The bouncing plow can also cause additional difficulties -- bouncing causes the snow to blow up on the windshield, decreasing visibility. This is not a good thing, especially as the worst thing that can happen when plowing your way up a few hundred vertical feet of road over a mile+ lenght of road is that you lose your forward momentum and have to restart with a big pile of snow in front of you on a slick road. If you stop to clean off the windshield or to deice the wipers, that is your inevitable fate: a restart with no momentum.

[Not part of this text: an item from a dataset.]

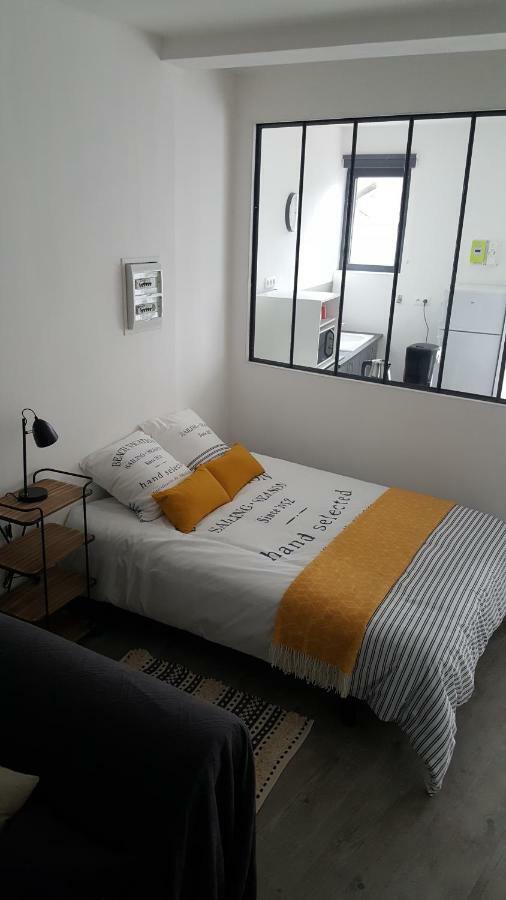 Le Petit Loft Des Thermes Rochefort  Exteriér fotografie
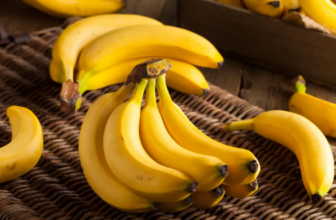 Jetzt mit Cashback Geld sparen 🏷️Bananen mit € marktguru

The best part is that no matter how much money truck engineers put into things like the drivetrain, suspension, etc., virtually no money was ever put into things like windshield wipers. So as you drive and the snow flies up into the windshield periodically, the wipers become more and more encrusted in ice, preventing them from functioning on anything like an efficient level. They more or less work by brute force, shoving snow side to side without ever really clearing the windshield. You are then left with blasting the heat onto the windshield as hard as possible to melt some of this off, which causes fogging inside because there is usually a fair amount of moisture on you, your shoes, etc. The end result is that you end up hurtling up a mountain, pushing a big wave of snow while driving the road essentially by memory knowing that if you stop, you probably get to back down the road (with a big ass heavy plow on the front that makes backing a little tricky) to a place where you can get up the momentum again to take a whack at the snow again.

If you fail at backing blindly down the road for your re-whack or if you somehow get the plow truck off the road, your next fun task is to walk back to whence you started, in the snow, usually in the pitch black (it is invariably overcast when it snows and the road gets plowed in the early winter morning or the night, so it is black out).

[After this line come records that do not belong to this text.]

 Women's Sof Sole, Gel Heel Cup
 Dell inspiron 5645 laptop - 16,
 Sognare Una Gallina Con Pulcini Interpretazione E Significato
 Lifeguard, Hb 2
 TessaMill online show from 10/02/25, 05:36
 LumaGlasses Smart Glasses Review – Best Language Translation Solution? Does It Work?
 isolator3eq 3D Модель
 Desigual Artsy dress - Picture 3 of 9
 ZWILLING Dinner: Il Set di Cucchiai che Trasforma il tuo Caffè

There, you get to ty to start an ice-cold diesel motor that powers the bulldozer (which has no cab) to drive it to where you stuck the truck so you can yank the truck back onto the road with a big ol' chain (which you get to lug onto the bulldozer with you whilst (see! I got to use "whilst") you ride the bulldozer back to the truck. Then, after saving the truck and returning the bulldozer back to the starting point, you trudge back (uphill and in the snow) to where the truck is (if you do not have a partner for this fun task - a driving partner can save lots of walking/trudging) and restart the truck on its Cruella De Ville ride through the snowy darkness.